In Nigeria, the Boko Haram conflict has displaced nearly 3 million people over the past 12 years — leaving many malnourished, homeless and sick. The United States has had no trouble offering military and counterterrorism support in the fight against Boko Haram, yet never even offered temporary protected status to the people the terror group has imperiled.

In Syria, the ongoing civil war created the largest refugee crisis of the 21st century so far. After a brief spike in admissions late in the Obama administration, the United States has once again slashed the number of Syrian refugees accepted to the hundreds.

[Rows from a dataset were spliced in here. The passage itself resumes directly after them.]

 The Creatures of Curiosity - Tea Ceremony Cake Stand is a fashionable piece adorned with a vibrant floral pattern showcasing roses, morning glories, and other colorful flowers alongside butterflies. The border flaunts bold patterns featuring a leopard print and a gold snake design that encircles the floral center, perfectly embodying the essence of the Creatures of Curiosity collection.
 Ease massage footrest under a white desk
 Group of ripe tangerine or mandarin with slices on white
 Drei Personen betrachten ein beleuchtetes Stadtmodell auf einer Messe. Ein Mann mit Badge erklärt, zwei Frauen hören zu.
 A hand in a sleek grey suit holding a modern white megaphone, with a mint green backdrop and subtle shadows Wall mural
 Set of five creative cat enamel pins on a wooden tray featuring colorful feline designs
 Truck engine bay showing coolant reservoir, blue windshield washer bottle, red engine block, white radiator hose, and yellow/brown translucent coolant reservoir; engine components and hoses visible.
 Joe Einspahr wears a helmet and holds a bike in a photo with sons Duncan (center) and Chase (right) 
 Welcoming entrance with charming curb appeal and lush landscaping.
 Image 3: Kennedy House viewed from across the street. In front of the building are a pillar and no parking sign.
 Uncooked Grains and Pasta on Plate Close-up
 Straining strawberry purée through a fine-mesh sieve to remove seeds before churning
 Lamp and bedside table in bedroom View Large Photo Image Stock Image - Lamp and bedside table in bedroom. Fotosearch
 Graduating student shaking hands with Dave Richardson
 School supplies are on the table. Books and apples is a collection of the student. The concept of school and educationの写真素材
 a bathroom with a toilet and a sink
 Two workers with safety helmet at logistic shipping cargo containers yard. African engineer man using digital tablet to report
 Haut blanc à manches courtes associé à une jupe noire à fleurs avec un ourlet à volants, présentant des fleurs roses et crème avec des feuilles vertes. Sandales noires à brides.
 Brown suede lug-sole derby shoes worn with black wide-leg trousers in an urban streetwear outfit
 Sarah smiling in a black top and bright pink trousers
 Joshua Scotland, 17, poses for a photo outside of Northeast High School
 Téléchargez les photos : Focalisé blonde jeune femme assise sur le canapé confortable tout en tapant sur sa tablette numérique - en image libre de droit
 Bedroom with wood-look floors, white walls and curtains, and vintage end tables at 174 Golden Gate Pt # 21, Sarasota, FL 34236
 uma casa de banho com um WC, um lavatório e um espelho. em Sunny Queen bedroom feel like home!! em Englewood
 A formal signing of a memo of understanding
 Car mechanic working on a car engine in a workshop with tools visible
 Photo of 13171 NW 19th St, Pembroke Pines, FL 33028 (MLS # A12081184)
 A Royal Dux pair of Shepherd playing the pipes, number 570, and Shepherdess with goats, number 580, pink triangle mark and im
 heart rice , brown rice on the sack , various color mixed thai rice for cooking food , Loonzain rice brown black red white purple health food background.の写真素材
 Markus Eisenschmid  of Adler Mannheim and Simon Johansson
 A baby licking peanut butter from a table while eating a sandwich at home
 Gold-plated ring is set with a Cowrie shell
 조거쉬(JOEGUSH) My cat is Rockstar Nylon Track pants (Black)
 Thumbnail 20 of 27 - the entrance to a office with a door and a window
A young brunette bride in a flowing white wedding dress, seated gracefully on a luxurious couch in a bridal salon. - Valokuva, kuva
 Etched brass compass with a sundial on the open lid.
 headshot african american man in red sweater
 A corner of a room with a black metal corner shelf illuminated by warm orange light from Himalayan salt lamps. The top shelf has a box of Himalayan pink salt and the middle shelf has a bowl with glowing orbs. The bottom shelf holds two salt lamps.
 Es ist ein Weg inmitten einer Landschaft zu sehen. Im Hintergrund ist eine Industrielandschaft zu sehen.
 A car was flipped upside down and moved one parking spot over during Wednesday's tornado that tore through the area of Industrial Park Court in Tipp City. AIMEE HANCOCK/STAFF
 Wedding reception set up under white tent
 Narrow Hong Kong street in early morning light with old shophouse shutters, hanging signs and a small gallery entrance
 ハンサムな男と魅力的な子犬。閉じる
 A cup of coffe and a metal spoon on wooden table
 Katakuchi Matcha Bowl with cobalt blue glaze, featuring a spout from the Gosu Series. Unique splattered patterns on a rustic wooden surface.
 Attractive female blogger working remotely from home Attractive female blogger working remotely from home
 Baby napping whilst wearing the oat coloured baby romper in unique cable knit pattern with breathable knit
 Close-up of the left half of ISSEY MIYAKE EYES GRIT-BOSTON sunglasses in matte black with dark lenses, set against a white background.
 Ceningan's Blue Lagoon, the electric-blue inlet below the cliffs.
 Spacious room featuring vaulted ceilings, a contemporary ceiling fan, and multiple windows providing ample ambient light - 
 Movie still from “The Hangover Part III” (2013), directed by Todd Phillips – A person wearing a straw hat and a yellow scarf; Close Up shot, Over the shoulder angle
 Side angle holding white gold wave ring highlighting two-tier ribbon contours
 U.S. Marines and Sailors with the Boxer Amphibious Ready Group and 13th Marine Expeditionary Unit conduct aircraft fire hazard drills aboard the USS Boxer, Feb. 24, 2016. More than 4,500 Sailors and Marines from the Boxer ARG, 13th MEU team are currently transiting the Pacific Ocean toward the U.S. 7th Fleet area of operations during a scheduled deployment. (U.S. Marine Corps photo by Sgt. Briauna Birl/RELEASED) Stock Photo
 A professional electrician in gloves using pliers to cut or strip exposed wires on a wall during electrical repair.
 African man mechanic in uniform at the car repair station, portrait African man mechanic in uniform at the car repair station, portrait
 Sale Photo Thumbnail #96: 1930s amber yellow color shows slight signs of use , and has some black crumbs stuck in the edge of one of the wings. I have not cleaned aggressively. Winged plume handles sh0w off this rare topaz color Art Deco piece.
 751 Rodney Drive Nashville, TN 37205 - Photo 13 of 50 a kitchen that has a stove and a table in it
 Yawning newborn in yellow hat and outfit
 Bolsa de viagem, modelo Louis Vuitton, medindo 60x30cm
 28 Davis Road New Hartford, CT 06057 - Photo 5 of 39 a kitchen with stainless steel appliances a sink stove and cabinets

And in Afghanistan, the refugee crisis is in large part a consequence of the United States’ own actions. After waging war on their soil for 20 years, our leaders have allocated $13.3 billion to resettle Afghan refugees — a dismal 0.6 percent of the $2.3 trillion we spent on the war as a whole.

The fact is, too many U.S. institutions are structured to wage war, not foster peace. Our leaders waste trillions to impose America’s will on the world and, as an afterthought, quibble over what tiny fraction of that number should be spent to help those caught in the fallout.

All the while, the United Nations estimates there are 84 million forcibly displaced people around the world, including 26.6 million refugees. And the escalating crisis of climate change is set to cause a wave of refugees unlike anything the world has ever seen. One report from the World Bank estimates as many as 200 million people could be displaced over the next three decades.

Yet as David Miliband, the president and CEO of the International Rescue Committee, reminds us, the refugee crisis is “manageable, not unsolvable.” We know what to do. Take people in. Help them get jobs. Help refugee children — more than half of whom do not go to school — get an education. Support families to get a new start in a new place.

Some claim that this basic decency poses security threats, or costs too much. But while the improper vetting of refugees could indeed pose dangers, refusing to provide aid — and thus leaving masses of desperate people with nothing to lose, some of whom will be enraged at those who contributed to their ruination — creates its own risks.

As for the price: With U.S. military spending at historic peacetime highs — more than 12 times what Russia spends on its military — why is it that the United States can always seem to find the money to intervene in world affairs, but never to help clean up the resulting messes? We would do well to start accounting for the human cost of our interventions before we make them. One way or another, the consequences of our actions will inevitably reach our shores.

If we are to effectively defend against the kind of violence and aggression on display in Ukraine right now, we must also demonstrate what we are for: the right of all people to live in peace. As Miliband says of the refugee crisis, “This is not just a crisis, it’s a test. … It’s a test of our humanity. It’s a test of us in the Western world — of who we are and what we stand for.”